I'm working on filling missing values in a pandas dataframe that I have. The simplest case would be to use df.fillna() on the entire column with missing values. This works, but I would like to extend this by adding a condition.
Namely, I calculate the median based on the category and if a missing value has Label = 'A' then it is filled with the median of all values that have Label = 'A'
Likewise, if a value has Label = 'B', then it is filled with the median of all values that have Label = 'B'
Below is workable code.
df = pd.DataFrame([[20,'A'],[24,'B'],[23,'A'],[22,'B'],[np.nan,'A'],[24,'B'],[np.nan,'B']],columns=['Value','Label'])
A_median = np.nanmedian(df[df['Label']=='A']['Value'])

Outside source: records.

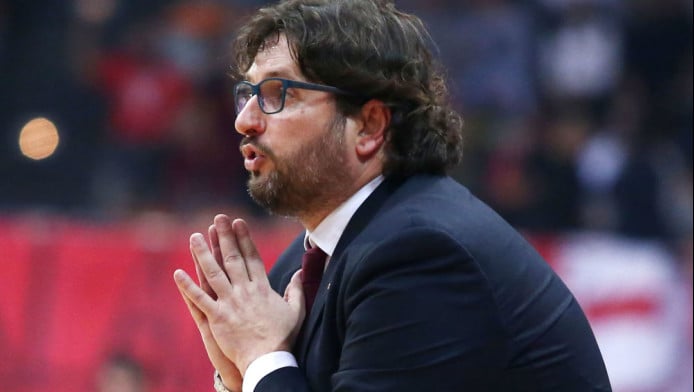 Χρυσή επένδυση Μυστακίδη - Το επόμενο όνομα που… έρχεται μετά τον Τρινκιέρι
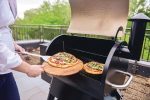 Traeger Grills Pro Series 22 Electric Wood Pellet Grill and Smoker - Image 28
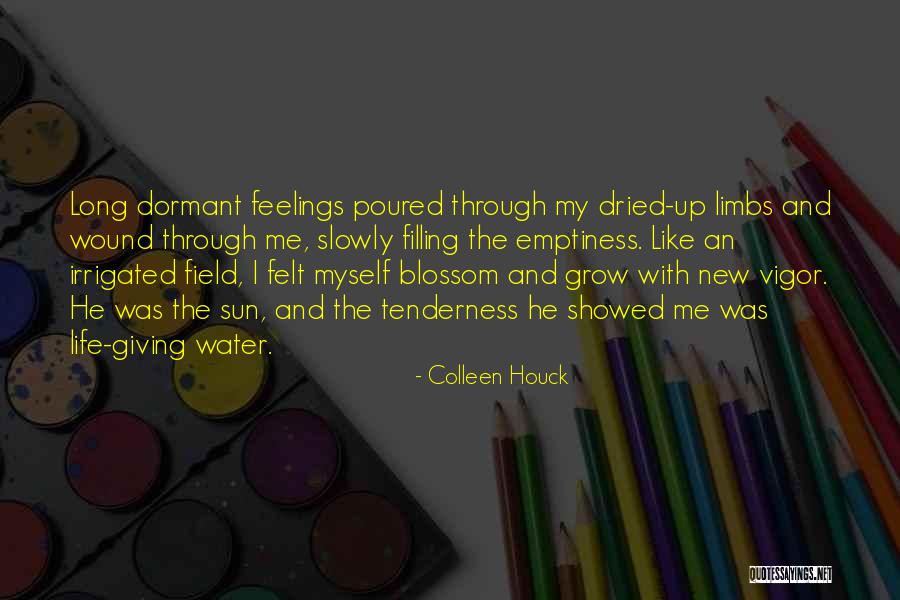 Sun Giving Life Quotes By Colleen Houck Sun Giving Life Quotes By Colleen Houck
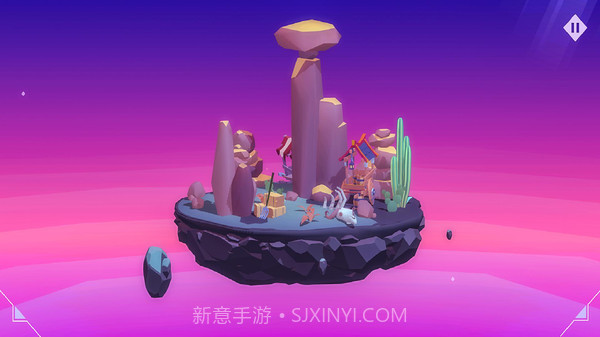 隐藏的土地截图2 隐藏的土地截图2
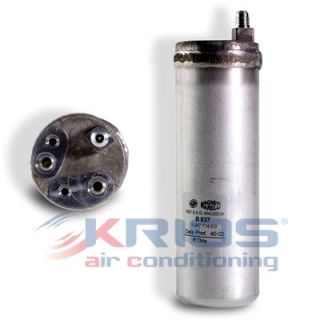 Džiovintuvas, oro kondicionierius HOFFER K132168B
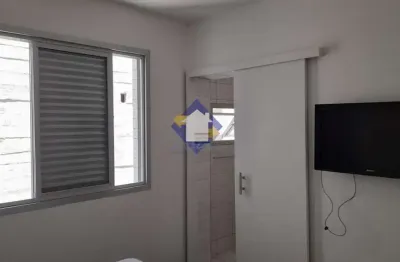 Apartamento para venda em são vicente, itararé, 3 dormitórios, 1 suíte, 2 banheiros, 1 vaga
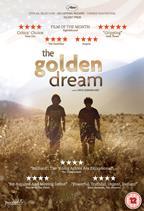 the golden dream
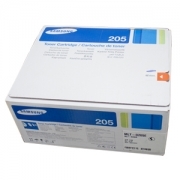 טונר שחור מקורי MLTD205E SAMSUNG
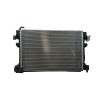 Recambio de radiador agua para volkswagen golf 1.5 etsi mhev referencia OEM IAM 5Q0121251HQ FZ080004 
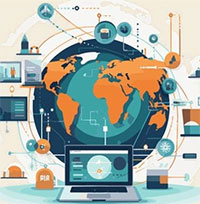 Mẫu Thông báo ngừng kinh doanh dịch vụ viễn thông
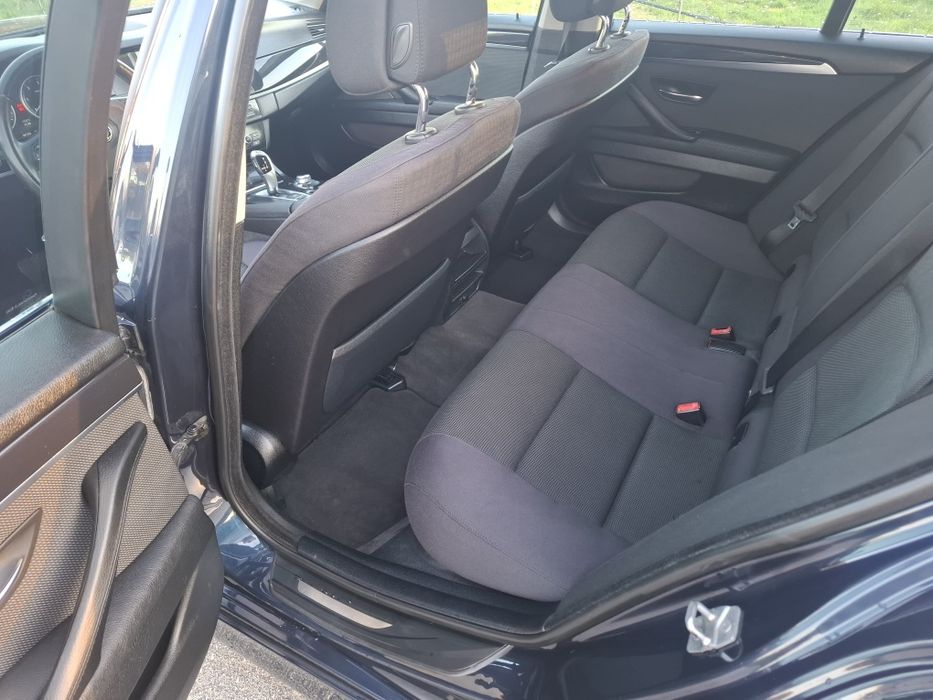 BMW 520d F11 185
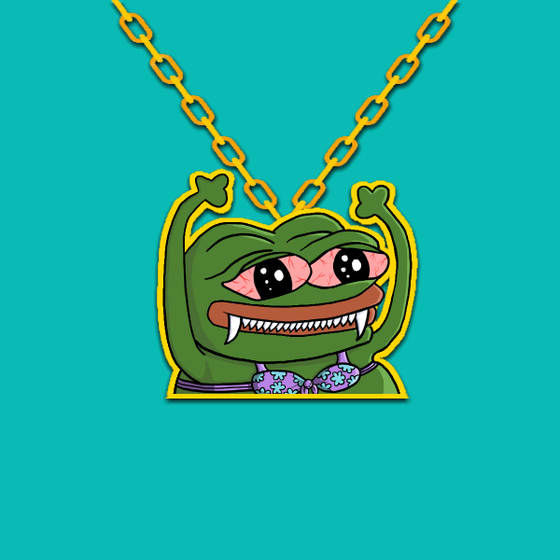 TiffPepe HD #3911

B_median = np.nanmedian(df[df['Label']=='B']['Value'])
Currently the dataframe is:
Value Label
0 20.0 A
1 24.0 B
2 23.0 A
3 22.0 B
4 NaN A
5 24.0 B
6 NaN B
The desired output is:
Value Label
0 20.0 A
1 24.0 B
2 23.0 A
3 22.0 B
4 21.5 A
5 24.0 B
6 24.0 B
I tried the following but it causes all other values to be NaN:
df['Value'] = df[df['Label'] == 'A']['Value'].fillna(A_median)
Thank you in advance for your help! Please let me know if you need further information :)
Edit: I know similar questions have been asked but I mainly am trying to understand how to set the value without causing the other category to be null.